Likewise, today’s human race consists of over eight billion people. When I was born, it consisted of fewer than three billion. At the end of the Eighteenth Century, it numbered in the hundreds of millions. It was the same race in 1799 as today. Just as our bodies are the same bodies through growth and shrinkage, the human race is the same race whether population increases and declines.
At some point in the past, the human race was measured in the thousands. At an earlier point it was measured in the hundreds. And at one point, it was measured as a single individual—Adam.
And here is the unique thing about Adam: he was not just the first individual human being. When he was created, he was the entire human race. Even when the woman was made from him, she remained in a special relationship: bone of his bones, flesh of his flesh. Even then, and even at the temptation, Adam constituted the human race. That is why the Fall did not occur when Eve ate the fruit, but when Adam did.
When Adam did eat the fruit, he sinned a sin that no one else has ever been able to duplicate. When Adam sinned, he did not simply commit a personal transgression. When Adam sinned, the entire human race sinned.
This is not to suggest that every single human was personally and consciously present in Adam, willing to sin with him. It is to observe that if the race sinned, then every subsequent naturally-born human has participated in Adam’s sin. None of us comes from anywhere except Adam. None of us has a nature that derives from any other source.

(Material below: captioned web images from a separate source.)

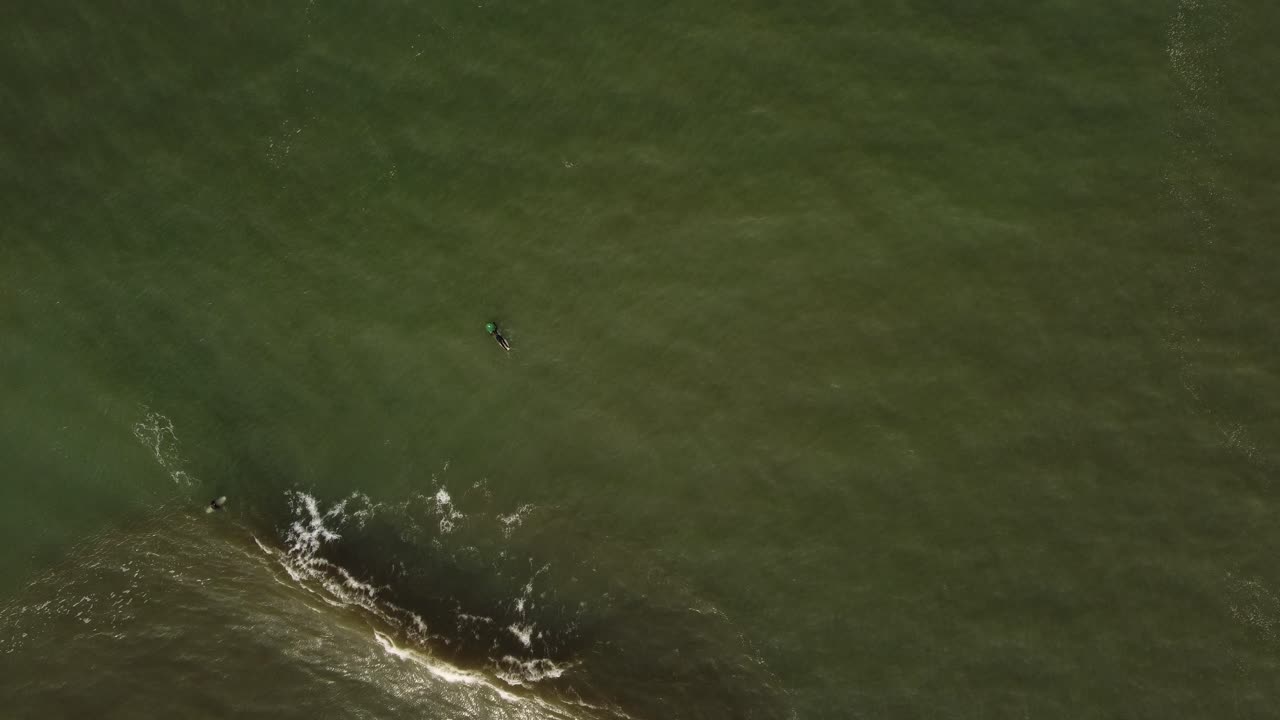 대서양에 들어가는 서퍼의 공중 하향식 샷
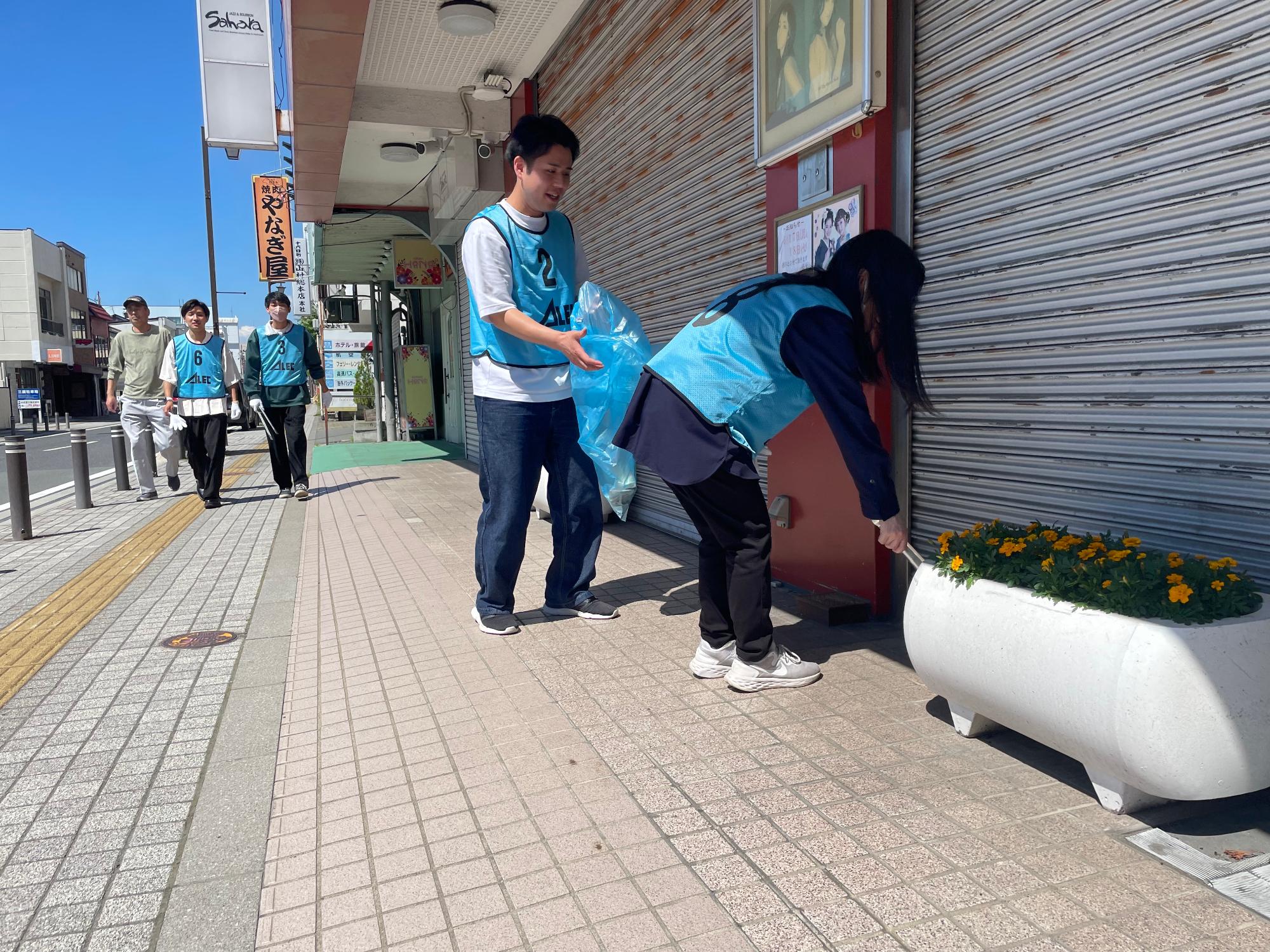 歩道に設置された花壇の後ろにあるごみをトングで拾っている女子生徒の写真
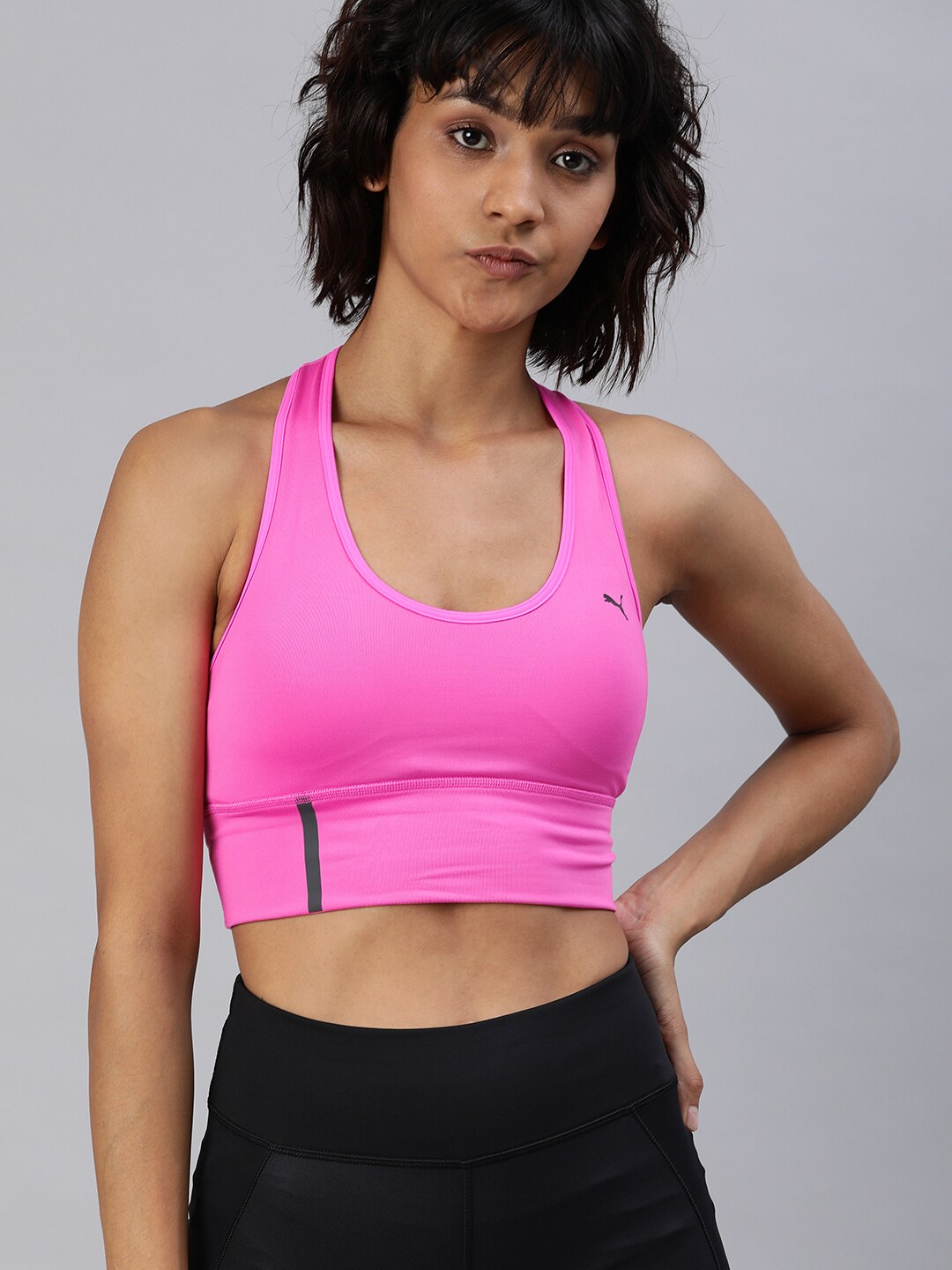 Puma Pink Solid Lightly Padded dryCELL Mid Impact Long Line Running & Training Bra Price in India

Because we are humans, we participate in the human race. This same race sinned in our first father, and that is why God justly charges us with Adam’s guilt. According to Romans 5:12, “through one man sin entered into the world, and death through sin, and so death spread to all men, because all sinned” (NASB). That simple past tense verb speaks volumes. All sinned. When? In Adam. How? Because the race sinned in him.
Indeed, we are not simply charged with Adam’s guilt. If the race sinned, then it is our guilt as well. In fact, because of our identification with Adam, we were constituted sinners (simple past tense of kathistemi) through one man’s disobedience (Rom 5:19). God is not merely righteous to condemn us for Adam’s sin. He could not be righteous if He did not condemn us for Adam’s sin.

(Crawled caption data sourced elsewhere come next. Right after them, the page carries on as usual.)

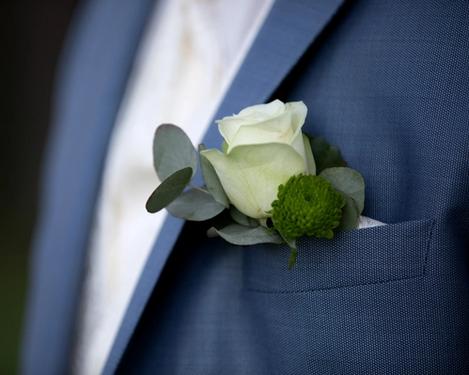 Weiße Rose als Bräutigamschmuck am blauen Anzug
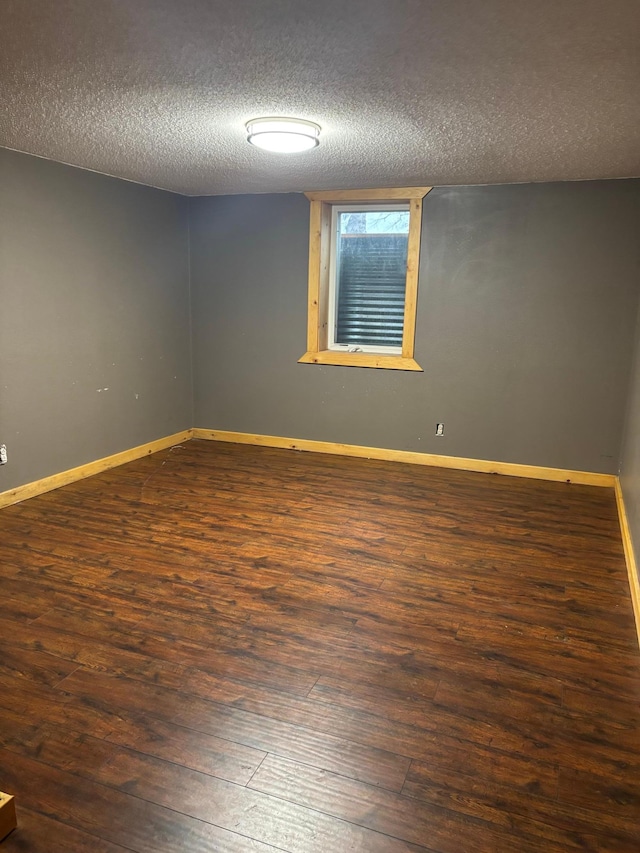 spare room featuring a textured ceiling, baseboards, and hardwood / wood-style flooring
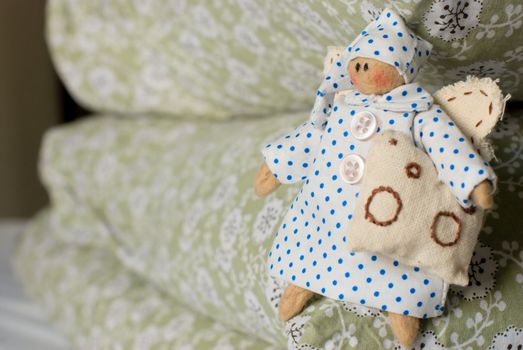 Handmade rag-doll with pillow in hand on pile of pillows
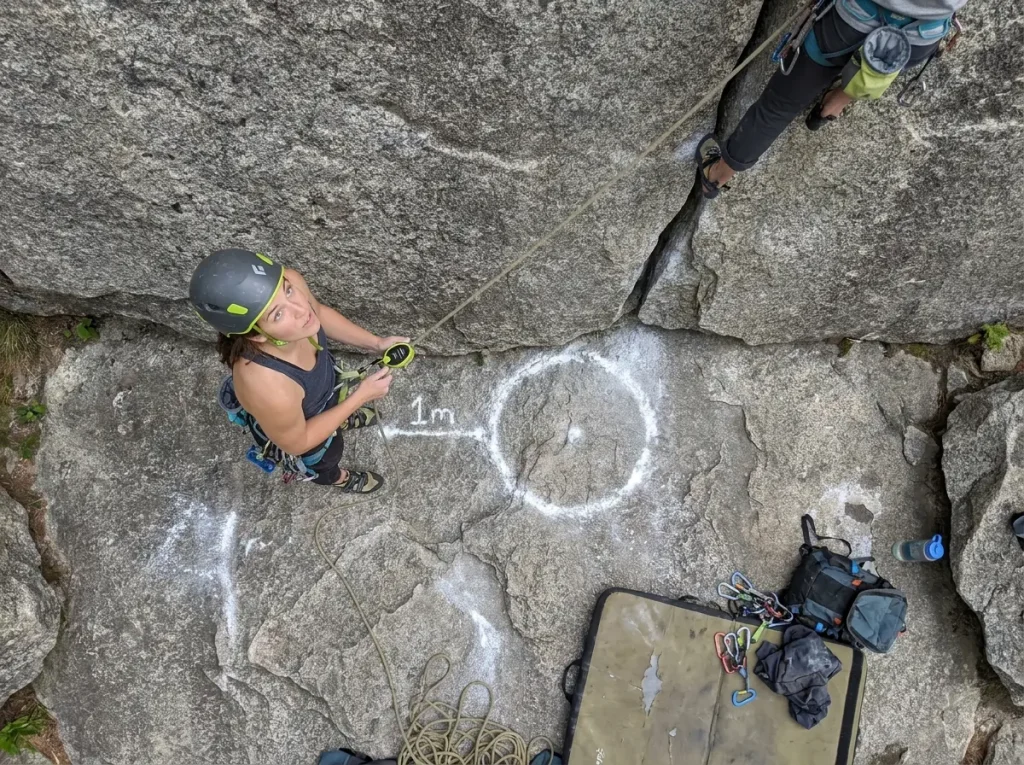 Outdoor belayer standing correct 1-meter distance from wall base on granite trad route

There is one and only one human race. It is the race from which we are all born. It is the same race that was Adam when he sinned. Because the race sinned in Adam, we also sinned then, even if we were not personally and individually present.
This essay is by Kevin T. Bauder, Research Professor of Historical and Systematic Theology at Central Baptist Theological Seminary. Not every one of the professors, students, or alumni of Central Seminary necessarily agrees with every opinion that it expresses.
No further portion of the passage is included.